Copy nothing from the entries below except the lines from the one containing "Prawo dronów: Bezzałogowe" through the one containing "Liga Eropa dan Taruhan Bola Online", and copy those exactly.

◆ **Data listing**:
= = = = = = =

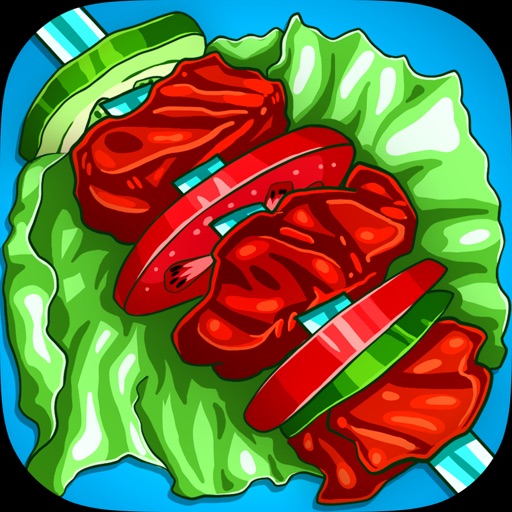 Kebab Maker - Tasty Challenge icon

= = = = = = =

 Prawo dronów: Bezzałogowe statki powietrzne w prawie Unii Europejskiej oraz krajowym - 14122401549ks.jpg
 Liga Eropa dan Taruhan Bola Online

= = = = = = =

◆ **Result below**:
 Prawo dronów: Bezzałogowe statki powietrzne w prawie Unii Europejskiej oraz krajowym - 14122401549ks.jpg
 Liga Eropa dan Taruhan Bola Online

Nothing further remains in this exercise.